(MATERIAL PROVIDED)
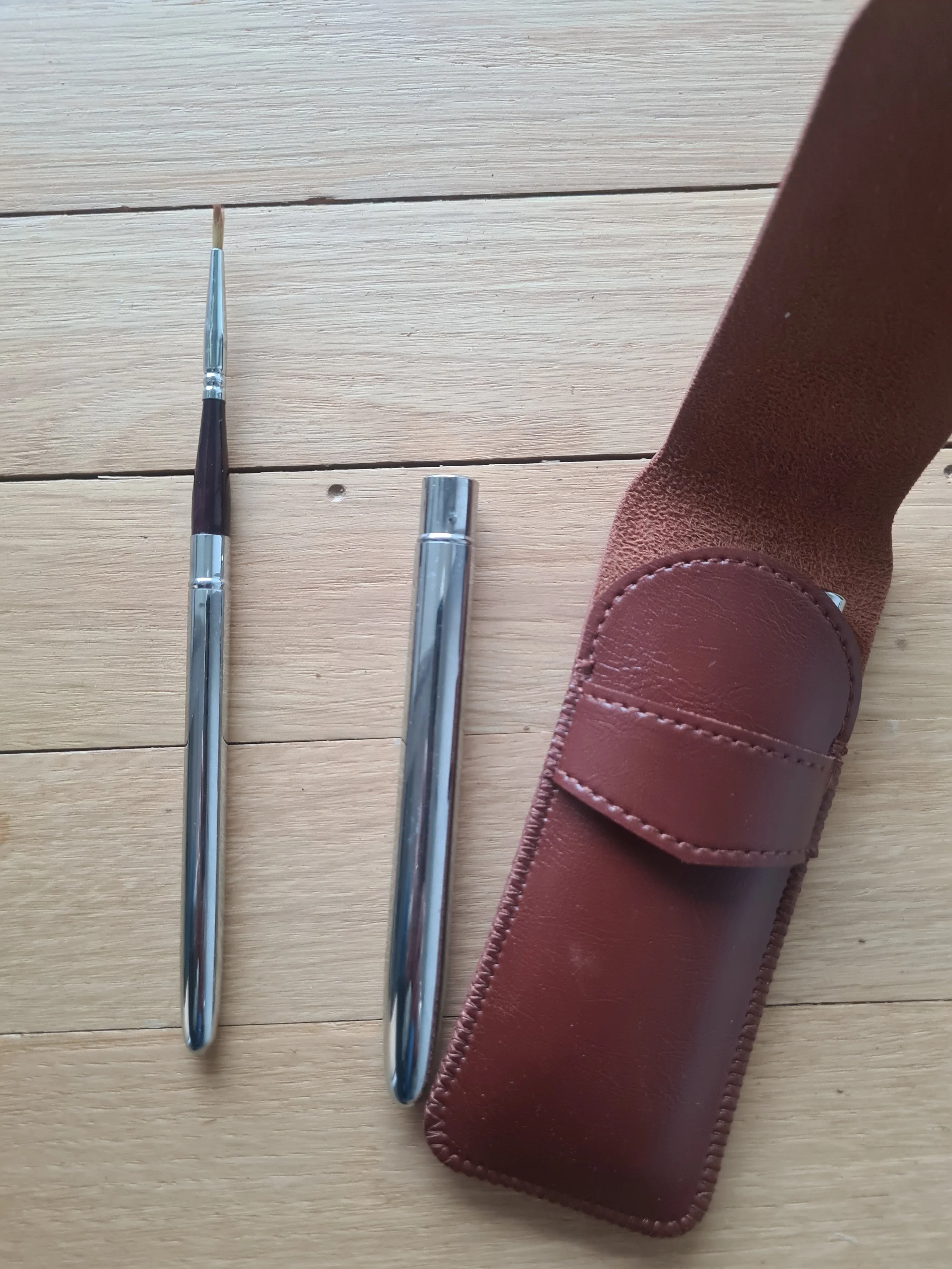 A pair of gardening tools, a small paintbrush and a tool with a curved metal end, lying on a wooden surface next to a brown leather sheath or holder.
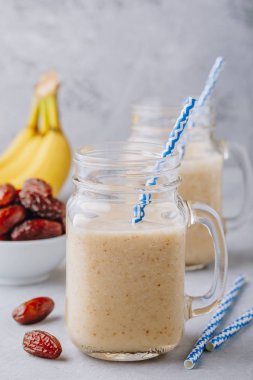 Muz ve tarihi meyve yüzlü veya milkshake cam mason kavanoza gri taş zemin üzerine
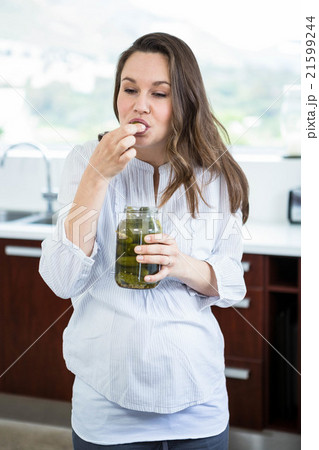 Pregnant woman eating pickles 21599244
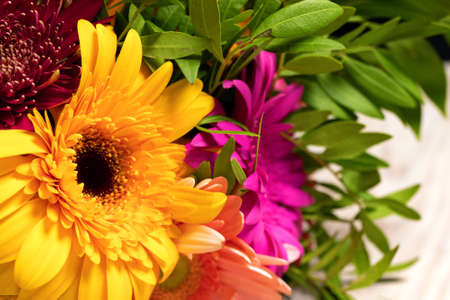 Close-up of large beautiful orange gerbera flower in colorful bouquet of flowers. Gift for holiday or poster for store.の写真素材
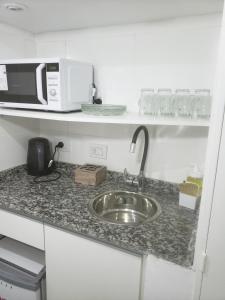 encimera de cocina con fregadero y microondas en Av. Corrientes 818 - Ciudad de Buenos Aires - en Buenos Aires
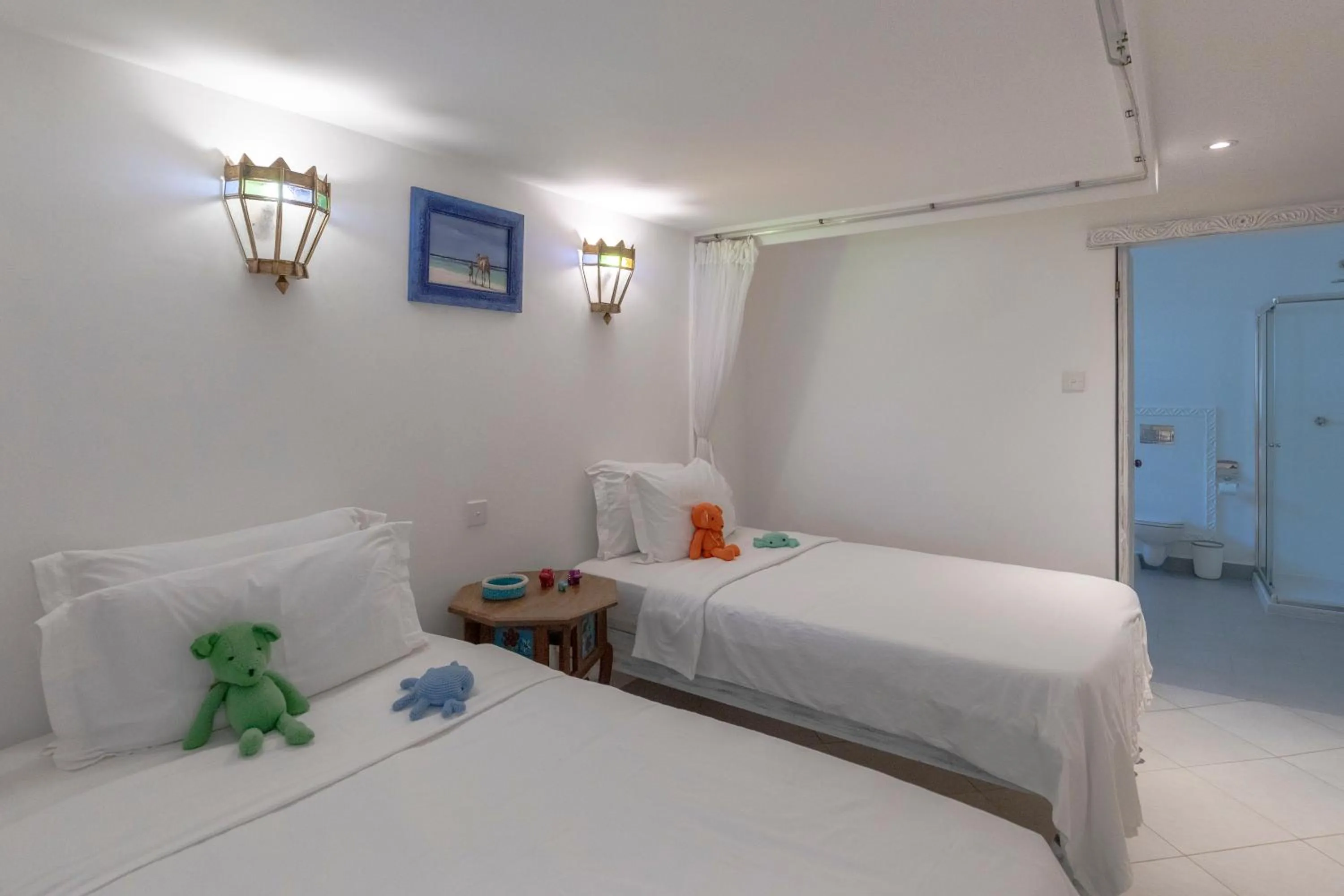 Bed in Nomad Beach Resort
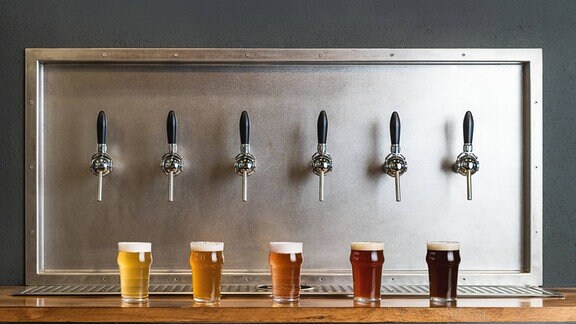 Symbolbild: verschiedene Biersorten im Glas jeweils unter einem Zapfhahn.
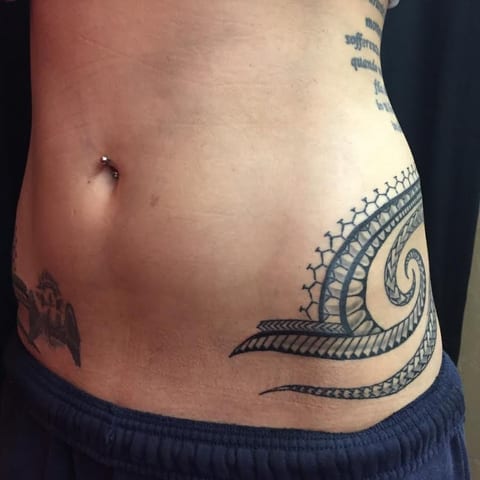 Polynesian curls across a woman's hip and belly, tattooed by Seth Reynolds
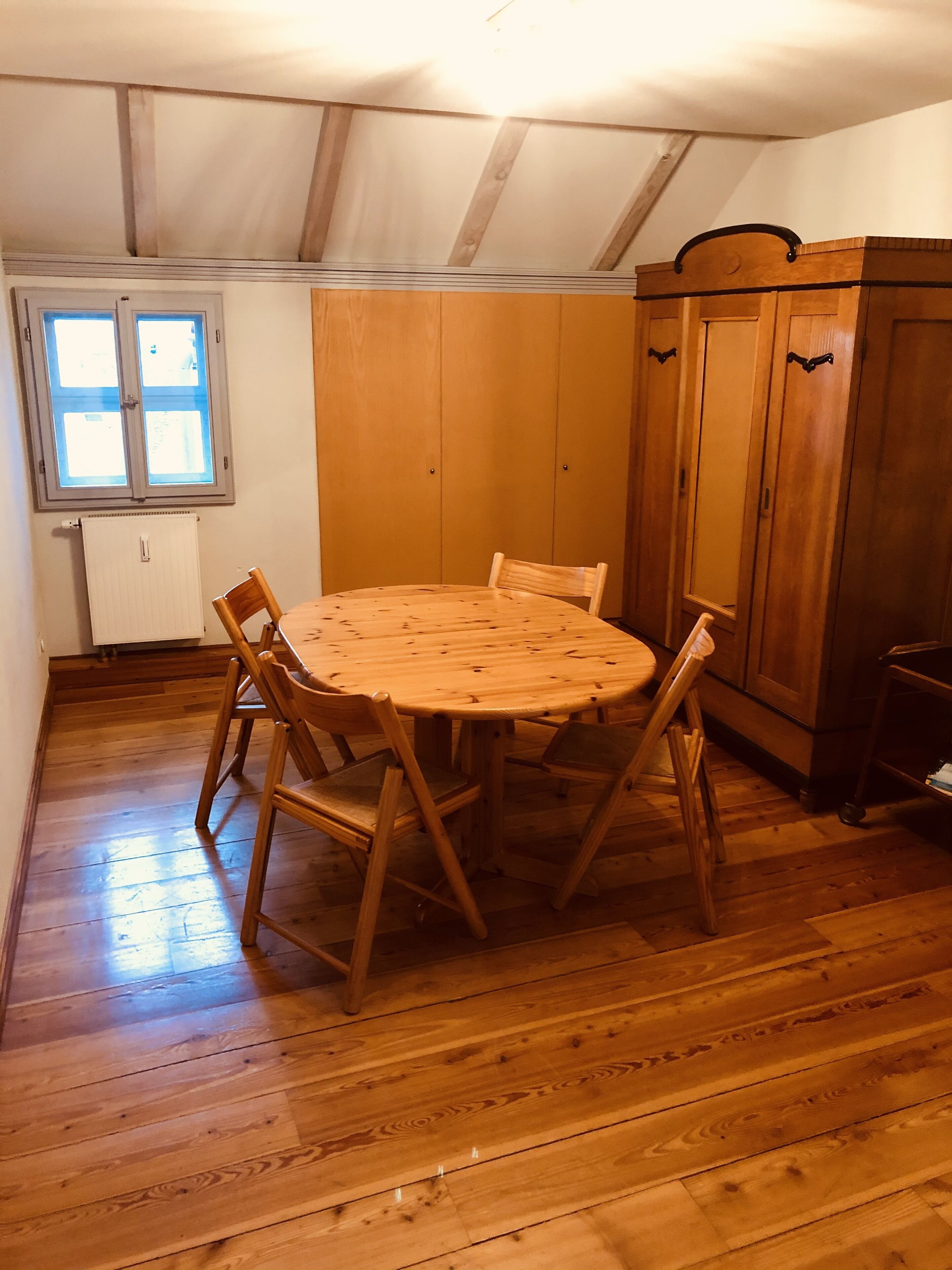 Een kamer met een houten eettafel en stoelen, een houten kledingkast, en een raam met jaloezieën.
(End MATERIAL PROVIDED)
• _AIM OF THE TASK_
Find the line that contains "Polynesian curls across". Reproduce it and every later line of the records exactly, minus the pictures.

• _EXPECTED ANSWER_
 Polynesian curls across a woman's hip and belly, tattooed by Seth Reynolds
 Een kamer met een houten eettafel en stoelen, een houten kledingkast, en een raam met jaloezieën.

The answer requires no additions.